● **Dataset entries**:
● ● ● ●
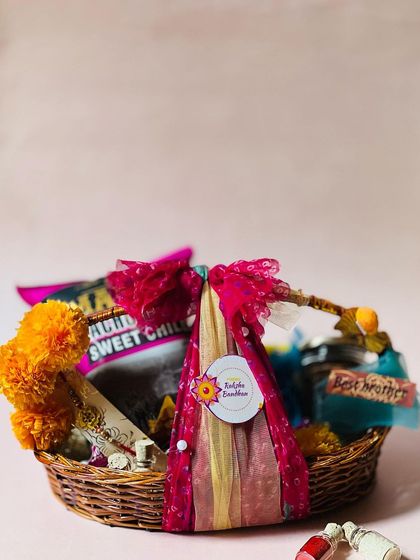 Gift Hamper - Personalized Gift Hampers Rakhi Celebrations photo 178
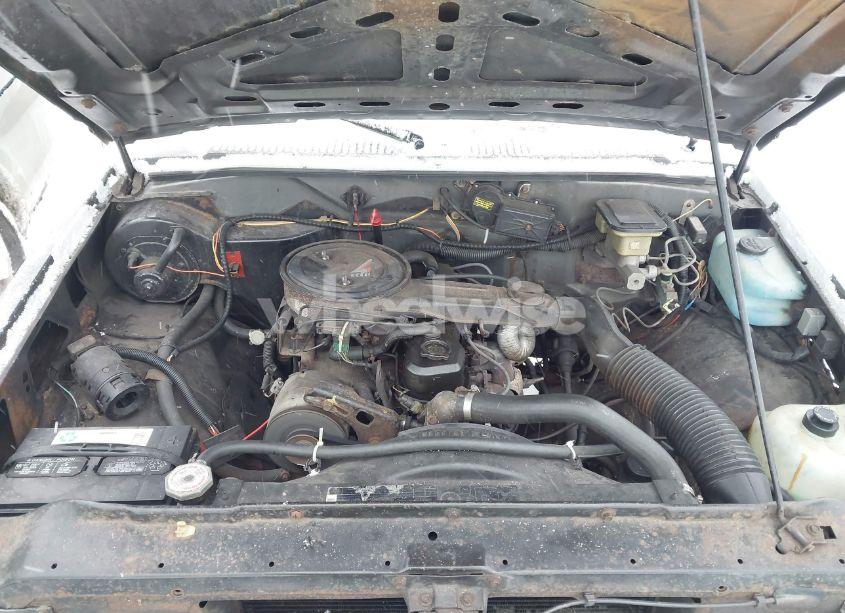 Photo 10 of 1986 Chevrolet S TRUCK S10 (VIN 1GCBS14E7G2137854)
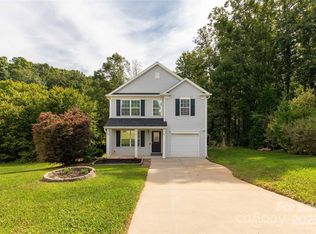 961 Poplar Forest Rdg, Clover, SC 29710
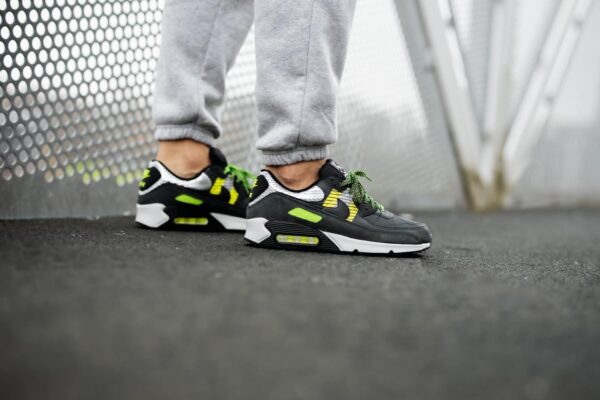 Giày Nike 3M x Air Max 90 'Anthracite Volt' CZ2975-002 - Ảnh 2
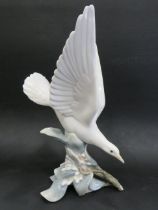 Lladro Figurine 'Turtle Dove' 4550 (retired) in excellent condition. Measures approx 11.5 inches tal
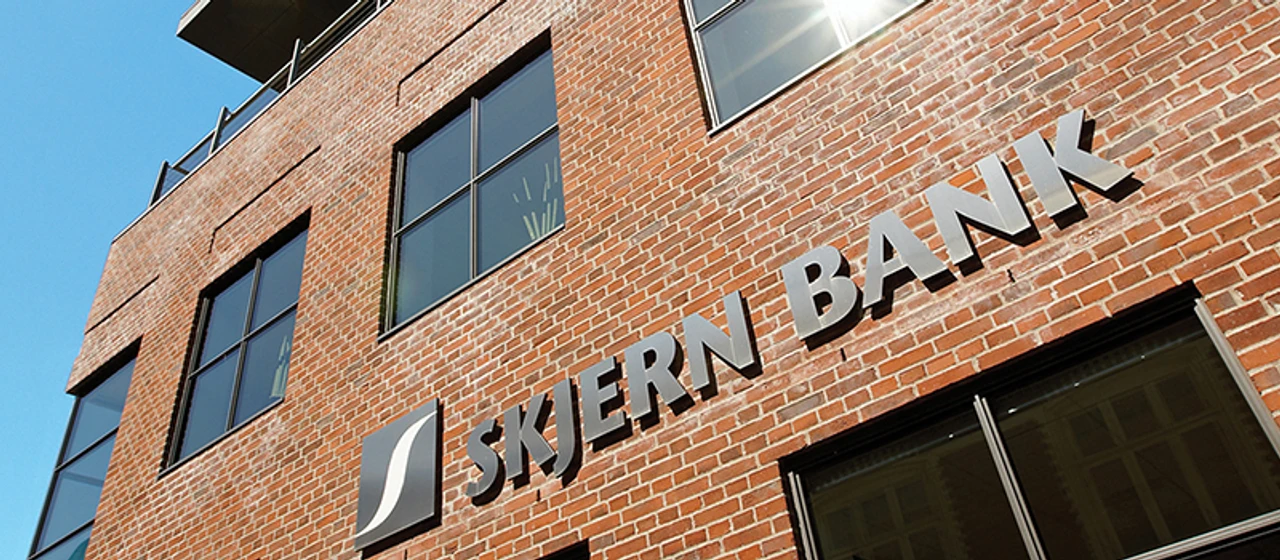 Skjern Bank facade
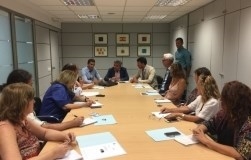 8 El Ayuntamiento constituye una mesa de trabajo para la elaboración de la RPT municipal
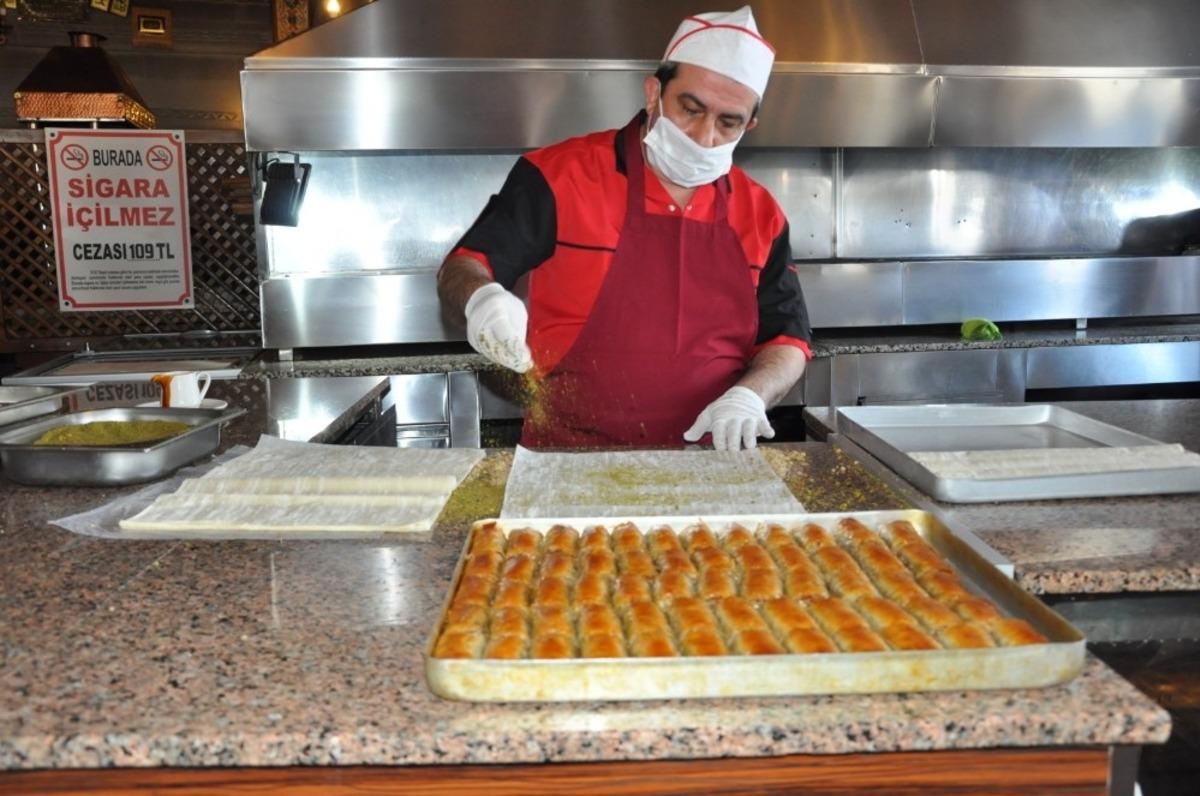 Erzurum coğrafi işaretli &uuml;r&uuml;nlerine pekmezli baklavayı da ekledi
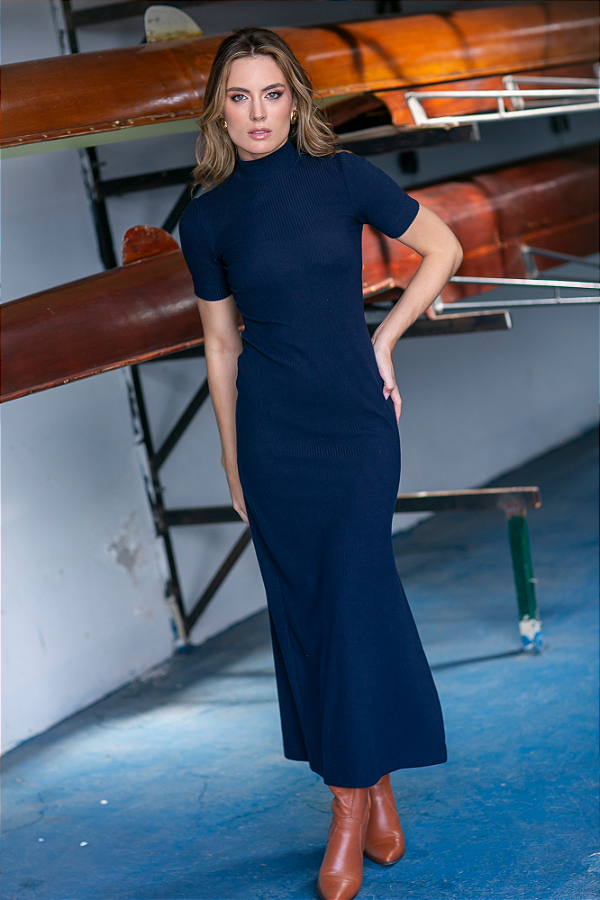 Vestido Longo Cotelê Soft Gola Alta Manga Curta com Fenda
● ● ● ●
● **Work request**: Retype the lines starting with the one that holds "Erzurum coğrafi işaretli" and ending with the last line of the data above, both included; skip the pictures.

● **Output of the task**:
 Erzurum coğrafi işaretli &uuml;r&uuml;nlerine pekmezli baklavayı da ekledi
 Vestido Longo Cotelê Soft Gola Alta Manga Curta com Fenda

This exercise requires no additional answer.